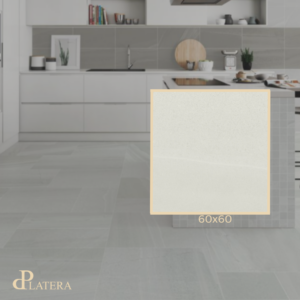 La Platera Cumbria White 60x60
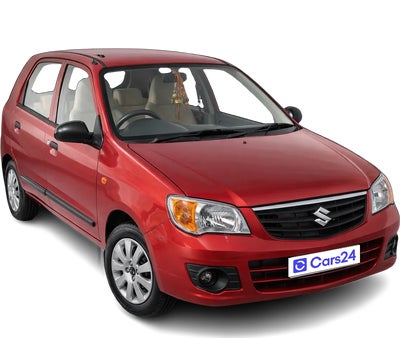 2012 Maruti Alto K10 - Hatchback - Petrol - Manual - ₹1.10 lakh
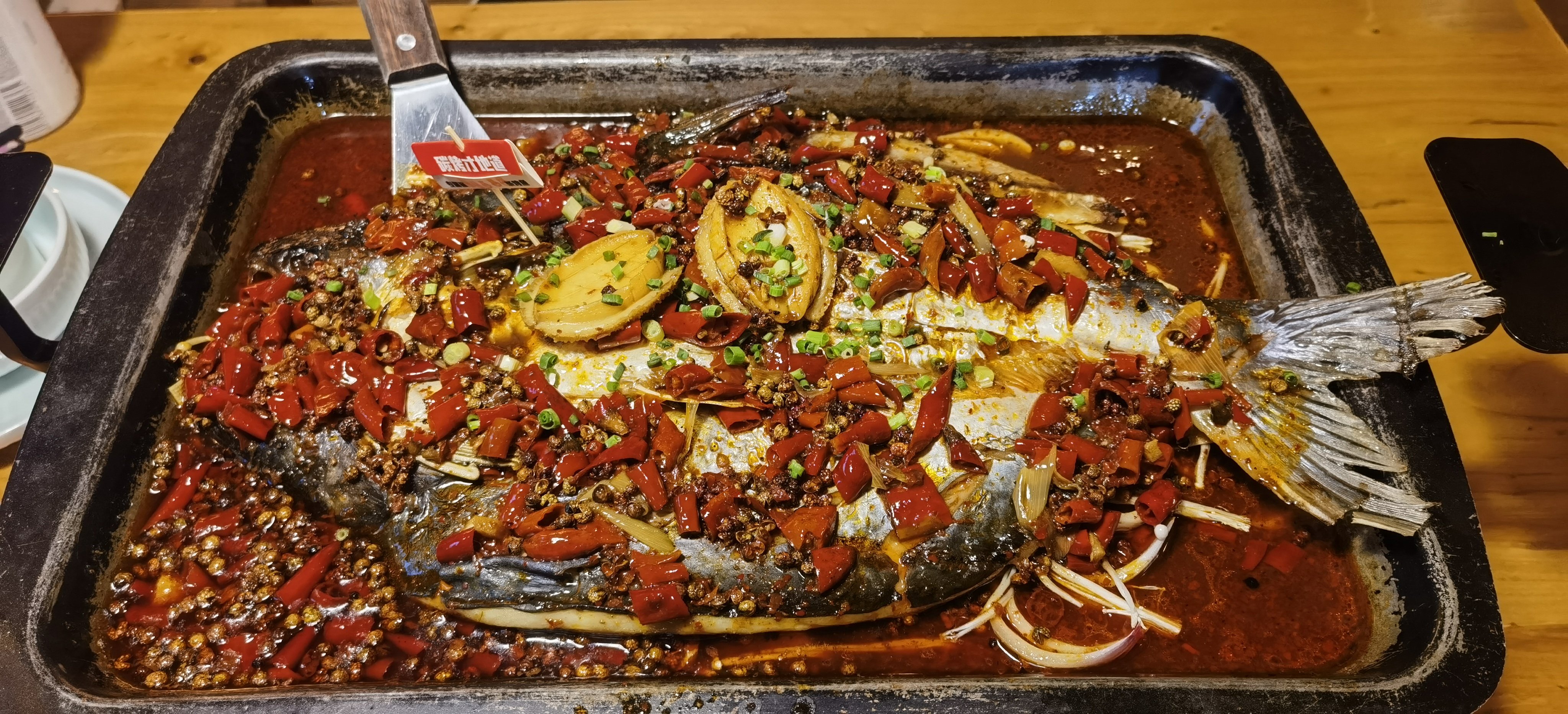 無刺旋轉(zhuǎn)烤魚能不能做？教你如何制作這道美味的烤魚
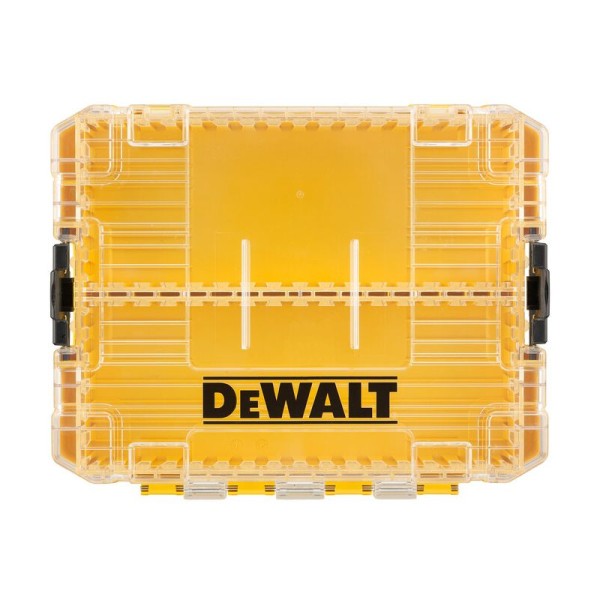 Dewalt DT70803 Θήκη Μεσαία Σκληρή Εξαρτημάτων για TSTAK Εργαλεία Χειρός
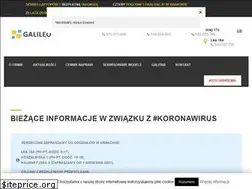Sites similar to galileo.krakow.pl
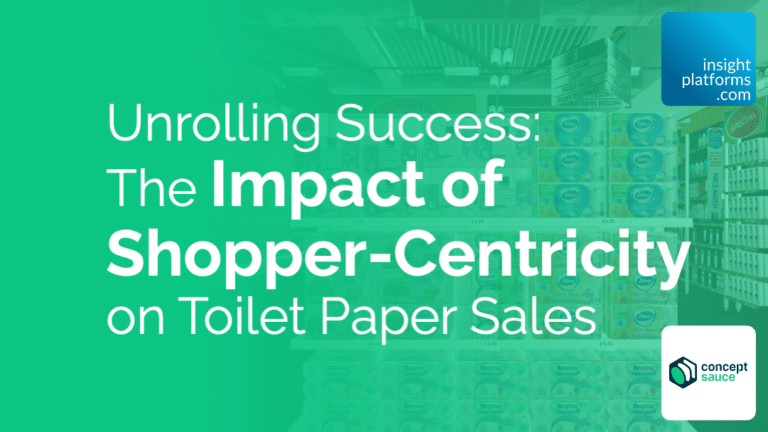 Unrolling Success: The Impact of Shopper-Centricity on Toilet Paper Sales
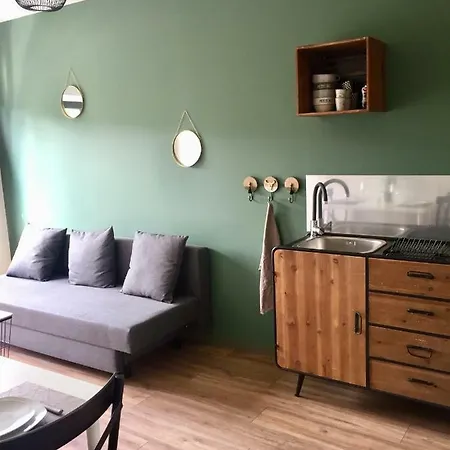 Appartement Le De Ninon Et Léon. *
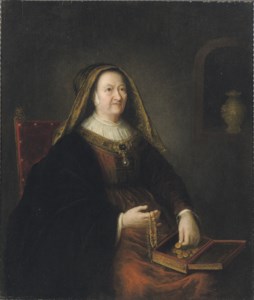 An Allegory of Greed
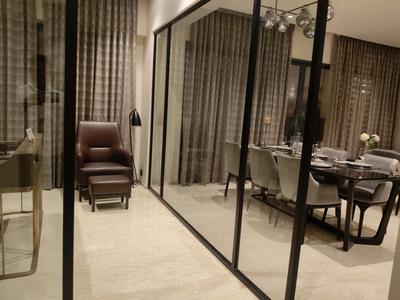 Bedroom Image of 1300 Sq.ft 3 BHK Apartment / Flat for sale in Eternia At Kalpataru Parkcity, Kolshet Thane for Rs. 19400000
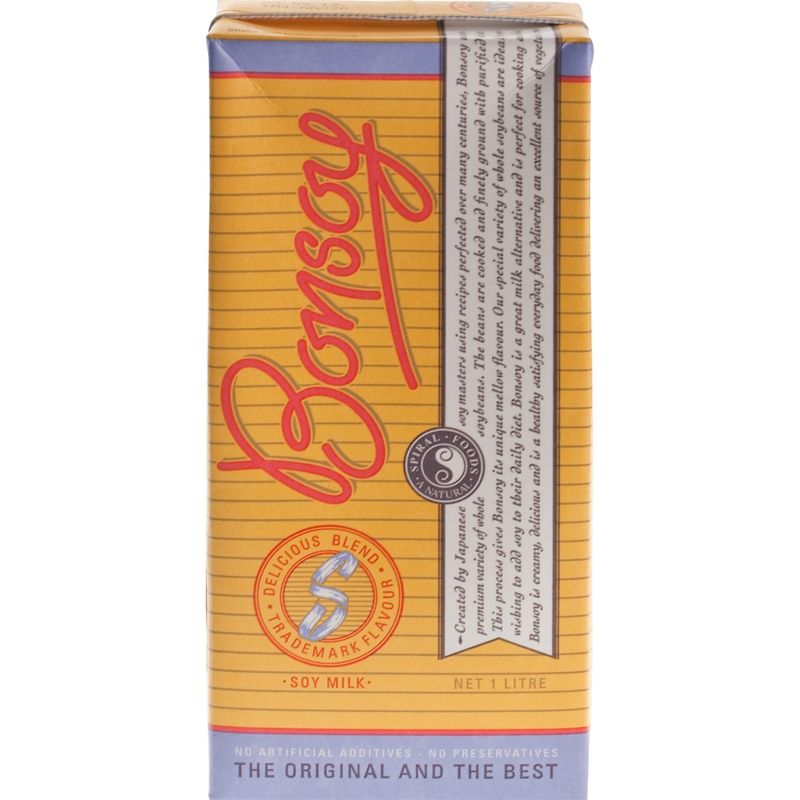 Muso Bonsoy Soja Drink - Produktbild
· · ·
Goal of the exercise:
What is needed is an exact copy of all the entries above, minus the pictures.

Answer box:
 La Platera Cumbria White 60x60
 2012 Maruti Alto K10 - Hatchback - Petrol - Manual - ₹1.10 lakh
 無刺旋轉(zhuǎn)烤魚能不能做？教你如何制作這道美味的烤魚
 Dewalt DT70803 Θήκη Μεσαία Σκληρή Εξαρτημάτων για TSTAK Εργαλεία Χειρός
Sites similar to galileo.krakow.pl
 Unrolling Success: The Impact of Shopper-Centricity on Toilet Paper Sales
 Appartement Le De Ninon Et Léon. *
 An Allegory of Greed
 Bedroom Image of 1300 Sq.ft 3 BHK Apartment / Flat for sale in Eternia At Kalpataru Parkcity, Kolshet Thane for Rs. 19400000
 Muso Bonsoy Soja Drink - Produktbild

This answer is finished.